*** RECORD SET Section Begins ***

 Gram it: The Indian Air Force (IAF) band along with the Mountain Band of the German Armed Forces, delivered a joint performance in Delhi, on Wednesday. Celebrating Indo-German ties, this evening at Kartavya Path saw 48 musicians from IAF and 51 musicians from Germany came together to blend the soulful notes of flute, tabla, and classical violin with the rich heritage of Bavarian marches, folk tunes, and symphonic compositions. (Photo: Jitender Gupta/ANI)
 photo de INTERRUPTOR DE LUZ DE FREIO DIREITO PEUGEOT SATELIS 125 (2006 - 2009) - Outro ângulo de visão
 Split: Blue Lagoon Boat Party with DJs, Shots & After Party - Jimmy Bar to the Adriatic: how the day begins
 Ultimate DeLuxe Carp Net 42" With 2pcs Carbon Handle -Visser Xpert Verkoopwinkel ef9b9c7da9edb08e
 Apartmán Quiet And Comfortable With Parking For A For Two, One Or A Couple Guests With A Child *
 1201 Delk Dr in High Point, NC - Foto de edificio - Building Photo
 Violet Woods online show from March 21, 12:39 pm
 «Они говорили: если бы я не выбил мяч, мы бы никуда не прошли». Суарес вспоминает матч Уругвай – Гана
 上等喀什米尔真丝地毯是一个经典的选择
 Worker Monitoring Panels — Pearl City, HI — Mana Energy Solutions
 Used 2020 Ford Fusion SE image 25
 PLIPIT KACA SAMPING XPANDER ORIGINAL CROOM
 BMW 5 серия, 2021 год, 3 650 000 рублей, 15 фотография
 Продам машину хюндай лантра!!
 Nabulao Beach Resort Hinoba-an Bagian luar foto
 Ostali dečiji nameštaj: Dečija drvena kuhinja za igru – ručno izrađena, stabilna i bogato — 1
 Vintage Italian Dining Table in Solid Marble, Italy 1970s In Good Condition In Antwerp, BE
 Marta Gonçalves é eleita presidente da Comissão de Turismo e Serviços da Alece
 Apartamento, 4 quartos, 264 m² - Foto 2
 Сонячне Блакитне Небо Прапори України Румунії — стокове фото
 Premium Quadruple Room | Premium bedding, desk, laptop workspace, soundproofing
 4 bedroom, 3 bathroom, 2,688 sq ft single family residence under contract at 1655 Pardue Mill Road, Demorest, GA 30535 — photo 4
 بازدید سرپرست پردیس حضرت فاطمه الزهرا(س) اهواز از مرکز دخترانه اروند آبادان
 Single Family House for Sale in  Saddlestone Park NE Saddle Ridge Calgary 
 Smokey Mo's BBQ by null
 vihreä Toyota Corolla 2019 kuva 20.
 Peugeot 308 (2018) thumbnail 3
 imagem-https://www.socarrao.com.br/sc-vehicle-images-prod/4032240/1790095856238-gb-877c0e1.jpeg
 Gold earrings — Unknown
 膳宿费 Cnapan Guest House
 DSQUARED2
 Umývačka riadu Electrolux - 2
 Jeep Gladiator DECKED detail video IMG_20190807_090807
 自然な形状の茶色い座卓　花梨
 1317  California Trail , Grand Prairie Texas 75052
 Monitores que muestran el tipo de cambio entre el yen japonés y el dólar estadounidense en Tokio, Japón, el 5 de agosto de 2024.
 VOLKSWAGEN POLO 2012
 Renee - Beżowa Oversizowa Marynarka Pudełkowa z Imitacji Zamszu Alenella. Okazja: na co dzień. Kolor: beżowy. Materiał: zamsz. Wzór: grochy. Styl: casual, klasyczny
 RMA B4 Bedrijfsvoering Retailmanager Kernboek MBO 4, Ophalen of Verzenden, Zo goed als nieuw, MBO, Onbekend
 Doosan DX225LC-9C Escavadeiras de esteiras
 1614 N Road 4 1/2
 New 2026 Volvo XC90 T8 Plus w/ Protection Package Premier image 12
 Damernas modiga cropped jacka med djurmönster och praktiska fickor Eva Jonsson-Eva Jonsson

*** RECORD SET Section Ends ***

▸ **YOUR OBJECTIVE**
This exercise asks for an exact repeat of the lines from the one holding "4 bedroom, 3" through the end of the data above.

▸ **SOLUTION FOR THIS EXERCISE**
 4 bedroom, 3 bathroom, 2,688 sq ft single family residence under contract at 1655 Pardue Mill Road, Demorest, GA 30535 — photo 4
 بازدید سرپرست پردیس حضرت فاطمه الزهرا(س) اهواز از مرکز دخترانه اروند آبادان
 Single Family House for Sale in  Saddlestone Park NE Saddle Ridge Calgary 
 Smokey Mo's BBQ by null
 vihreä Toyota Corolla 2019 kuva 20.
 Peugeot 308 (2018) thumbnail 3
 imagem-https://www.socarrao.com.br/sc-vehicle-images-prod/4032240/1790095856238-gb-877c0e1.jpeg
 Gold earrings — Unknown
 膳宿费 Cnapan Guest House
 DSQUARED2
 Umývačka riadu Electrolux - 2
 Jeep Gladiator DECKED detail video IMG_20190807_090807
 自然な形状の茶色い座卓　花梨
 1317  California Trail , Grand Prairie Texas 75052
 Monitores que muestran el tipo de cambio entre el yen japonés y el dólar estadounidense en Tokio, Japón, el 5 de agosto de 2024.
 VOLKSWAGEN POLO 2012
 Renee - Beżowa Oversizowa Marynarka Pudełkowa z Imitacji Zamszu Alenella. Okazja: na co dzień. Kolor: beżowy. Materiał: zamsz. Wzór: grochy. Styl: casual, klasyczny
 RMA B4 Bedrijfsvoering Retailmanager Kernboek MBO 4, Ophalen of Verzenden, Zo goed als nieuw, MBO, Onbekend
 Doosan DX225LC-9C Escavadeiras de esteiras
 1614 N Road 4 1/2
 New 2026 Volvo XC90 T8 Plus w/ Protection Package Premier image 12
 Damernas modiga cropped jacka med djurmönster och praktiska fickor Eva Jonsson-Eva Jonsson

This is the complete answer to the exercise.